● **DATA EXCERPT**:
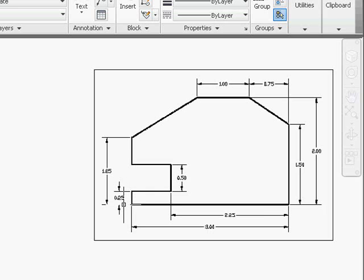Although we could set the snap and grid display to smaller increments such as 0.1, the problem is that if you set the increment too small, it's more difficult to get the distance that we want. So in this case, 0.25 is a good choice.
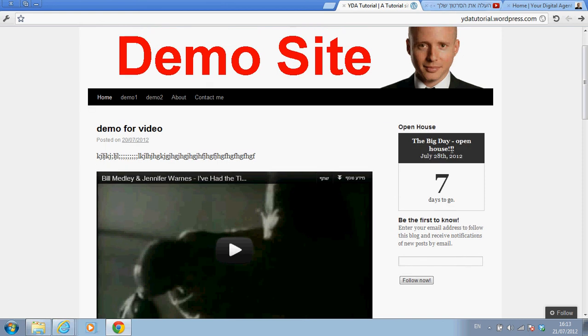It will say instead of seven days to go, the countdown will say what I just wrote, open house right now.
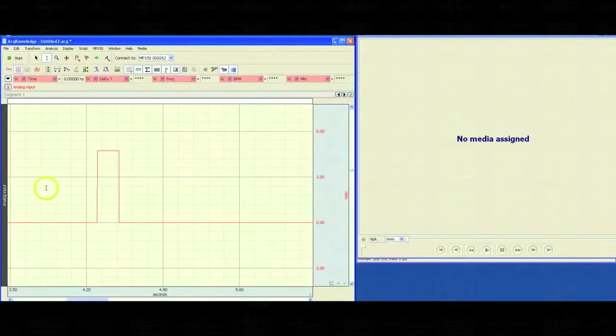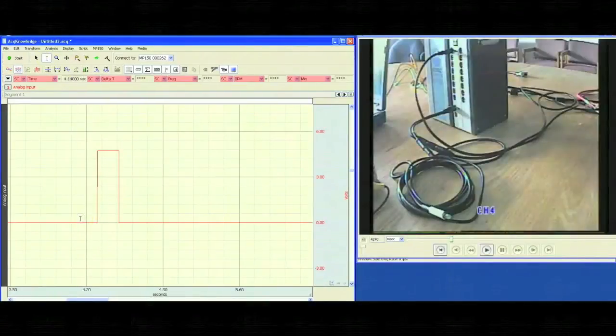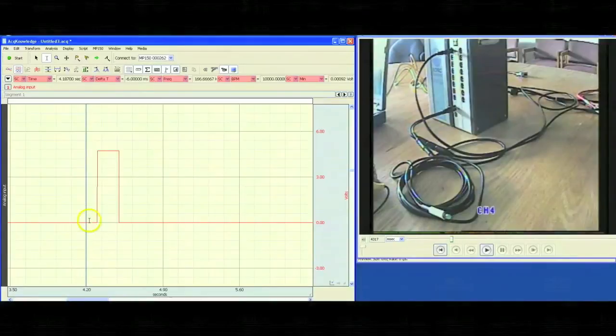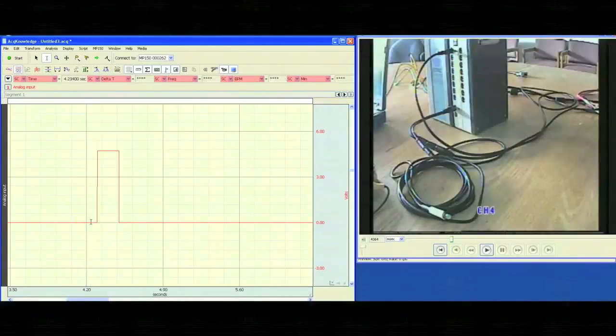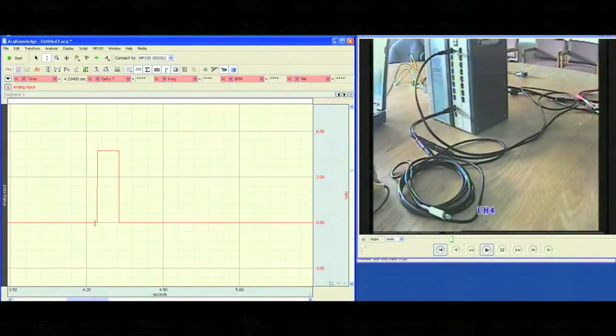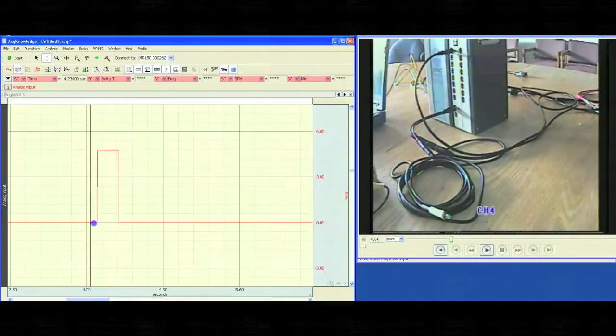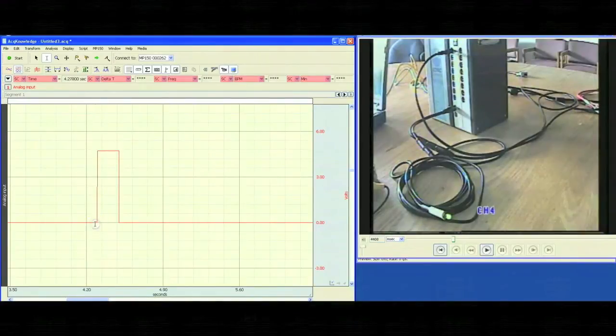Now, what we can do is click in our file, and you'll see as I'm selecting data points within our file, it's showing me the corresponding video frame. What I'm looking for is where on the video the light is flashing.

● **WHAT THE EXERCISE ASKS**: Without copying any picture, repeat the full listing above word for word.

● **SOLUTION FOR THIS TASK**:
Although we could set the snap and grid display to smaller increments such as 0.1, the problem is that if you set the increment too small, it's more difficult to get the distance that we want. So in this case, 0.25 is a good choice.
It will say instead of seven days to go, the countdown will say what I just wrote, open house right now.
Now, what we can do is click in our file, and you'll see as I'm selecting data points within our file, it's showing me the corresponding video frame. What I'm looking for is where on the video the light is flashing.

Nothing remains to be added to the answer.